How do I compare Metro Areas? You may compare metro areas directly on the U.S. map by hovering over the first selected area to generate a data label, single clicking to make it stationary, and then repeating the process for a second, third, or more metro areas. The “Compare” tab also allows a Table and Chart comparison among metro areas across all available years. The default chart view shows the “National Median,” the midpoint of the Metro Area data (does not include Metro Areas without data for that data series).

To compare multiple Metro Areas within a county, choose “Compare Metro Areas.” To compare all Metro Areas across two data series, choose “Compare Data Series: Scatterplot.” This will also give you all Metro Areas for the two data series in the table view. To compare up to six data series, choose “Compare Data Series: Line Graph.” This compare feature requires you to choose one place for the line graph (we obviously couldn’t have 300 lines for each data series), but the corresponding table view displays all Metro Areas for all six data series.

Understanding Metro Area Basics:

What is a Metro Area, officially? In general, a “metro area” is a combined number of whole counties that include or commute into one or more core urban cities. However, there are multiple levels of metro areas as defined by The Office of Management and Budget (OMB). In SAGE Stats, we refer to all the levels below as “metro areas” in order to simplify the terminology.

Note: Metropolitan and Micropolitan Statistical Areas are types of Core Based Statistical Areas.

Type of Metro Area Urban Area Population Requirements Geographic Building Blocks Obsolete?
Core Based Statistical Area (CBSA) types:
Metropolitan Stat. Area (MSA) 50,000
Counties
No
Micropolitan Stat. Area (µSA) at least 10,000, less than 50,000
Counties
No
Metropolitan Division (M.D.)
2.5 million
Counties within MSAs
No
Combined Statistical Area (CSA)
10,000
Two or more CBSAs
No
New England City and Town Area (NECTA)
10,000
Cities and towns
No
New England City and Town Area Division (NECTAD)
2.5 million
Cities or towns within NECTAs
No
Combined New England City and Town Areas (CNECTA)
10,000
Two or more NECTAs
No
Consolidated Metropolitan Statistical Areas
(CMSA)
1 million
Two or more PMSAs
Yes
Primary Metropolitan Statistical Areas (PMSA)
1 million

Counties
Yes

How many cities can be within a Metro Area? The name of a Metro Area can only include up to three cities, but more cities can be within the Metro Area. To find additional cities, look at the Associated Cities section of a Metro Areas location page. When two large cities are nearby (e.g., Baltimore and Washington), the OMB uses several “levels” of Metro Areas to interrelate them.

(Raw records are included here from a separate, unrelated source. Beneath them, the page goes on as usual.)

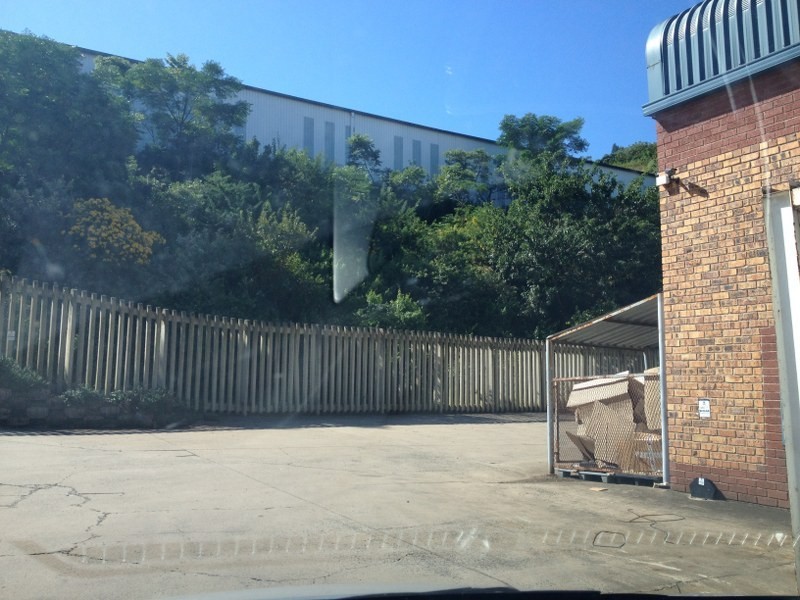 Stunning facility in Briardene Briardene, Durban Metropolis, Kwazulu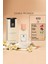 122 Si Kadın Edc 50 ml 1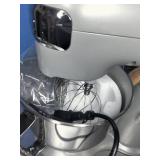 Cuisinart Precision Master 5.5-Quart Stand Mixer Cuisinart Precision Master 5.5-Quart Stand Mixer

Where does SAGE Stats get its Metro Areas? Primarily, from the Office of Management and Budget (OMB), which defines these areas for the use of statistical agencies. Definitions have changed over time, so please use caution in interpreting trends in Metro Areas. Because of the many different levels of metro areas the OMB uses, SAGE Stats uses the generic label “Metro Area.”

Do Metro Areas change over time? Yes, metro area boundaries are updated every 10 years. For a detailed explanation, see our “Changes Over Time” section. Here’s the shorter answer: If you go to a Metro Area location page, you can see how a Metro Area has changed boundaries. You’ll notice that some Metro Areas in SAGE Stats have separate maps for 1950-1992, 1993-2002, 2003-2012, and 2013-present; these represent major boundary changes in Metro Areas. The most recent update was in 2013, but the largest change occurred in 2003, when the old system of four-digit place codes was eliminated and replaced with a five-digit place code system.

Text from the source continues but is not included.